# Freedom kennel from Czech rep



## FreedomCZ (Nov 27, 2011)

Hi everybody!

I am from Czech republic and breed mice about 8years. I focus on astrex and tan mice and breed under Czech mice club http://www.czmc.cz.

Looking for some friends and maybe some imports. 
You can contact me on email [email protected] and visit our web page: http://www.chs-freedom.tym.cz

Here some mice from my breeding station:








Lha black male








Lha sepia female








Shsa dove tan








Sh black tan








Sh dove tan








Sh chocolate tan


----------



## Fantasia Mousery (Jul 16, 2011)

They look lovely.  Welcome to the forum.


----------



## Serena (Dec 29, 2011)

Welcome 
Beautiful mice! Sadly, I don't understand a word of your homepage


----------



## FreedomCZ (Nov 27, 2011)

Thanks 

Its because I am from Czech rep. And I speak czech.. So my page is in this language. I think about english version, but now I haven't got time. 
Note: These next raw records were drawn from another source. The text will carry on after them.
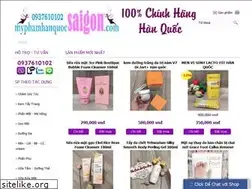 Sites similar to myphamhanquocsaigon.com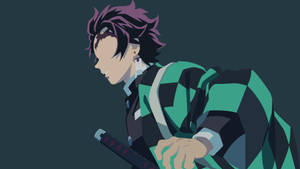 Tanjiro Pfp Haori Outfit Wallpaper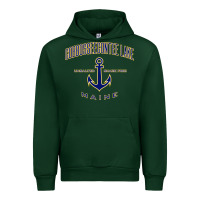 Forest Green cobbosseecontee lake me pullover hoodie Urban Hoodie - linhVisuals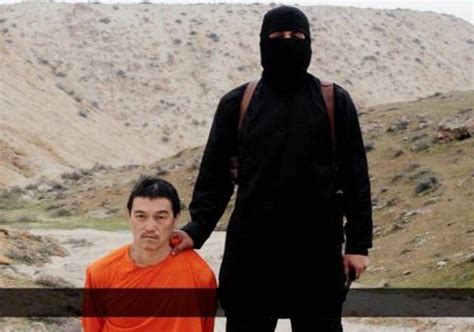 horror in japan as video purports to show hostage beheaded world news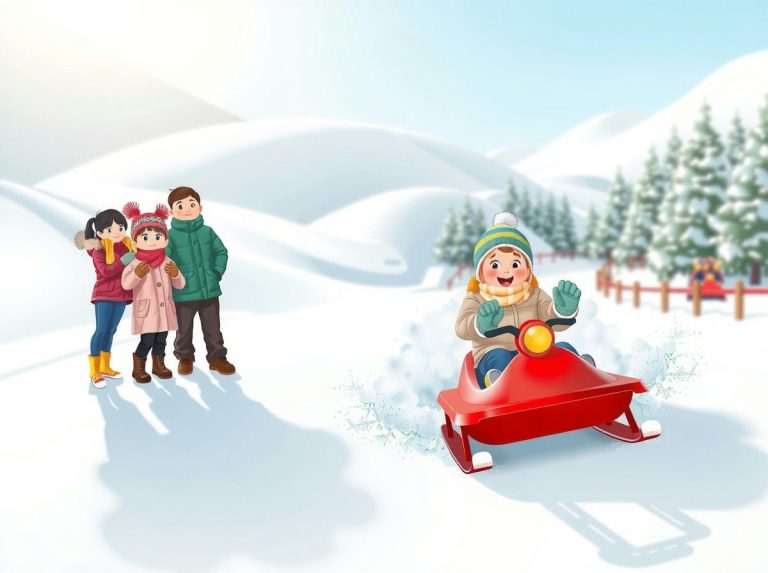 경북 눈썰매장 주변 관광지 및 숙박시설 안내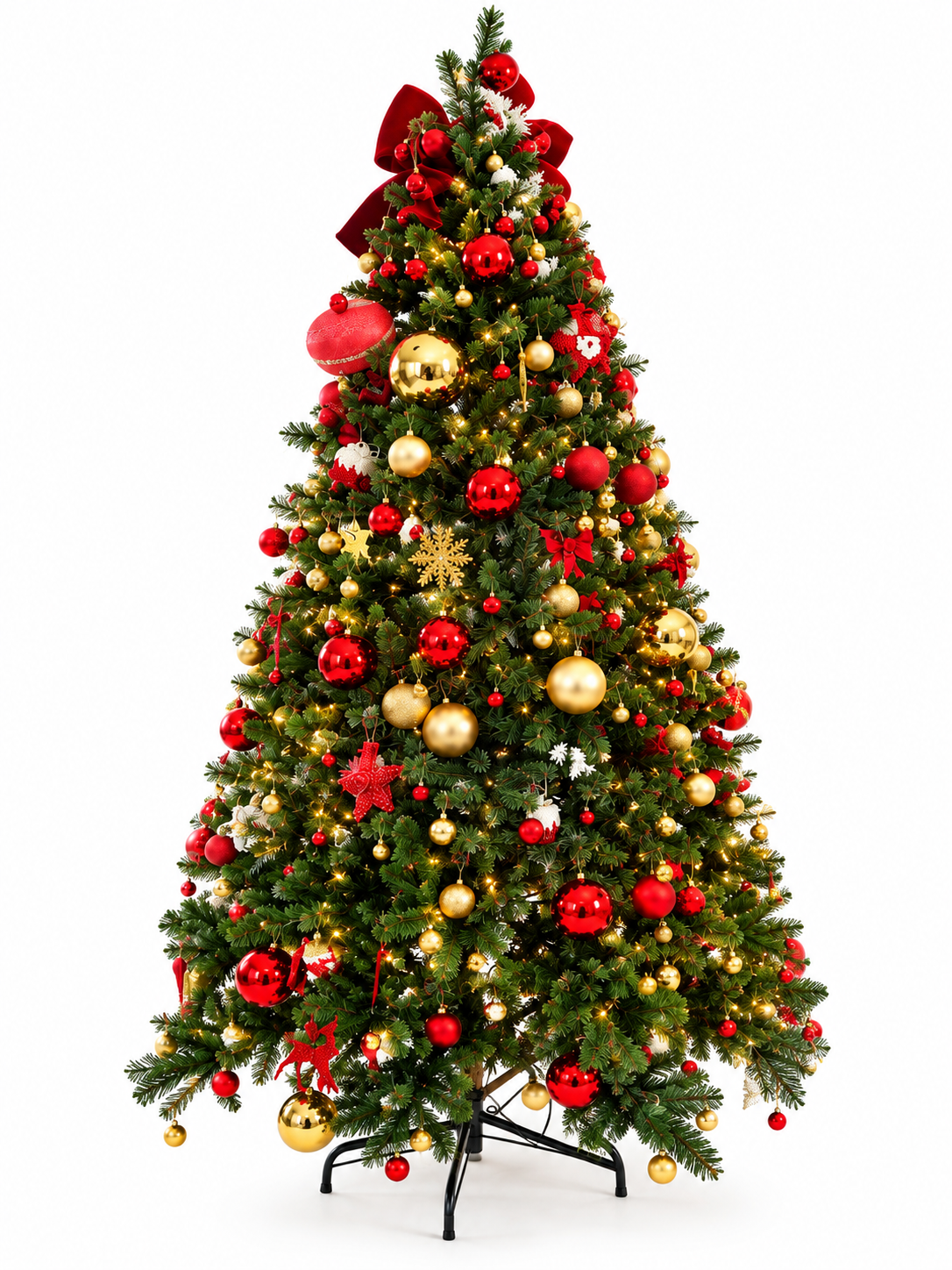 The Arbor Vitae Fir Tree with Hook on Branches-8ft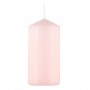 Svece stabs Polar Pillar candle light pink 7x15 cm
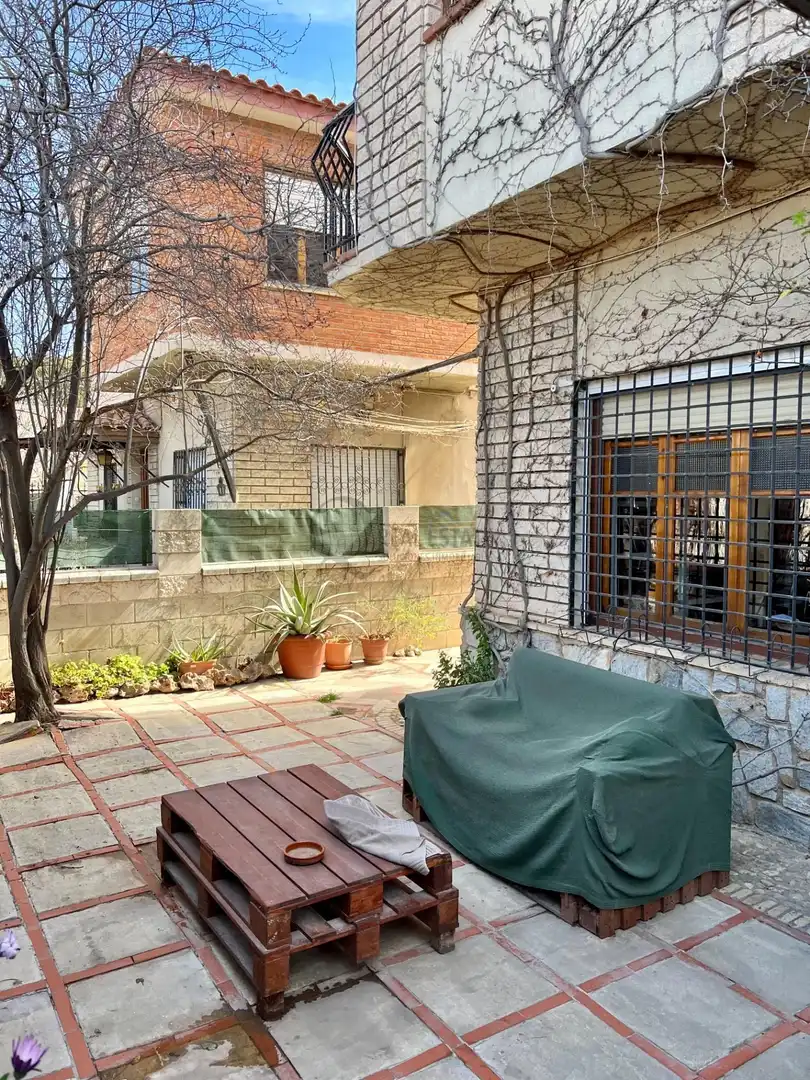 Terrassa de Casa o xalet en venda en Biar amb Calefacció, Jardí privat i Terrassa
So you can use google translator.. He cant translate right everything, but something maybe yes


----------



## andypandy29us (Aug 10, 2012)

hello and welcome  you have beautiful mice


----------



## Marlimoo55 (Sep 6, 2013)

Welcome to the forum! and you have such beautiful mice!


----------



## Trixie's Mice (Feb 3, 2013)

Vítejte na FMB!

PS: You have some GORGEOUS mice!


----------



## FreedomCZ (Nov 27, 2011)

Marlimoo:
Thx.. 
Trixie:
Thank you for the czech welcome


----------